Nascido em 1977, filho do socialista Jaime Gama, ex-ministro e ex-presidente da Assembleia da República, e da professora Alda Taborda, João tinha em casa uma “atitude neutra” em relação a Deus. Filho único, criado no Lumiar, tem “poucas lembranças de reflectir sobre a existência de Deus na infância e adolescência”. Como contou na conversa com Maria João Avillez, não foi baptizado em bebé, mas os pais ainda “fizeram alguns esforços” e um deles foi inscrevê-lo na catequese, de onde foi expulso com um primo por apresentarem uma versão pouco canónica da Avé Maria.
“Não me apareceu Jesus Cristo de cachecol do Sporting, nem uma luz ou um trovão”, gracejou na noite de quarta-feira. Aos 21, 22 anos começou a ler a Bíblia. “Aquilo que li, sobretudo no Novo Testamento - as parábolas e os desafios de Jesus - começou a fazer cada vez mais sentido”, contou João Taborda da Gama. Depois, começou a sentir necessidade de aprofundar o conhecimento cultural e histórico, começou a interessar-se pela pessoa histórica e política de Jesus.
“Às tantas, esse processo interior começou a ser racionalizado” e teve uma pessoa – “há sempre uma pessoa nestas histórias” – que o ajudou no caminho que, rapidamente, percebeu que o levaria à Igreja. “Muito cedo, no meu processo de conversão, percebi que não seria só um processo interno da minha relação com Deus.
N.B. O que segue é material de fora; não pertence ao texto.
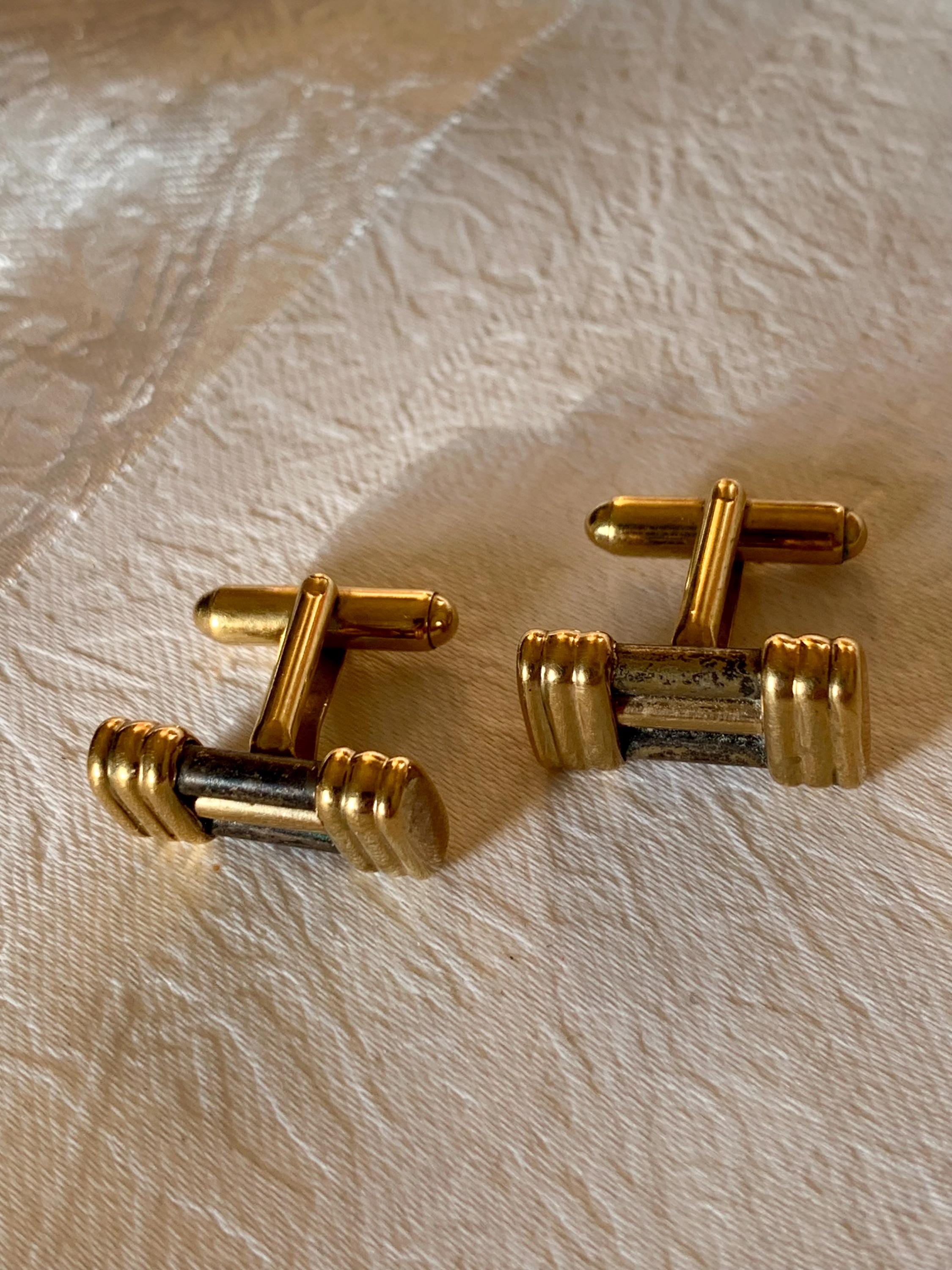 Tiffany and Co. Boutons de manchette en argent sterling pour hommes En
A dúvida era: ‘eu não conheço a Igreja, será que a Igreja tem lugar para mim’”, recordou, definindo o seu percurso como “muito sereno”.
Depois, começou “a ter necessidade de ir à missa, de ver mais”, mas ainda às escondidas. “A pessoa não percebe muito, está sempre com medo de ser apanhado”, contou João Taborda que, nesta fase, não contava aos amigos o que se estava a passar consigo. Mas, continuou: “Há um momento em que saio do armário e tenho de entrar na sala e na sala ninguém me conhece.” E ai descobre que a Igreja tem lugar para toda a gente e, portanto, também tem lugar para ele e “isso é uma ideia muito libertadora e revolucionária”.
Também libertador foi a aceitar que nem tudo é racionalizável. “A fase mais libertadora e de verdadeira conversão foi perceber que a racionalidade não vai explicar tudo e que essa não explicação não é obscurantista, mas é iluminadora e libertadora”, afirmou Taborda da Gama, que também contou que “Deus é esperto” e o deixou achar que tinha o domínio o processo até chegar o momento em que percebeu que não tinha e não se importou com isso.
“Sinto que fui ter com Ele, mas se acreditar em Deus que sabe tudo e vem ao nosso encontro foi ele que veio ter comigo”, disse o advogado que procurou no Direito a infalibilidade das leis, mas que, no momento em que percebeu a falibilidade da justiça humana, foi atraído pela ideia de “uma outra justiça”.
Em 2005 foi baptizado e encontrou na espiritualidade inaciana (de Santo Inácio de Loyola, fundador da Companhia de Jesus) o seu lugar de referência. Faz parte de uma CVX (comunidade de vida cristã), tenta “ver Deus em todas as cosias e todas as coisas em Deus” e que “ Deus seja algo do dia-a-dia”. E acha que o que Deus hoje lhe pede é “mais tranquilidade”: “Que me preocupe mais em como é que Ele me vai encontrar do que em como o vou encontrar.”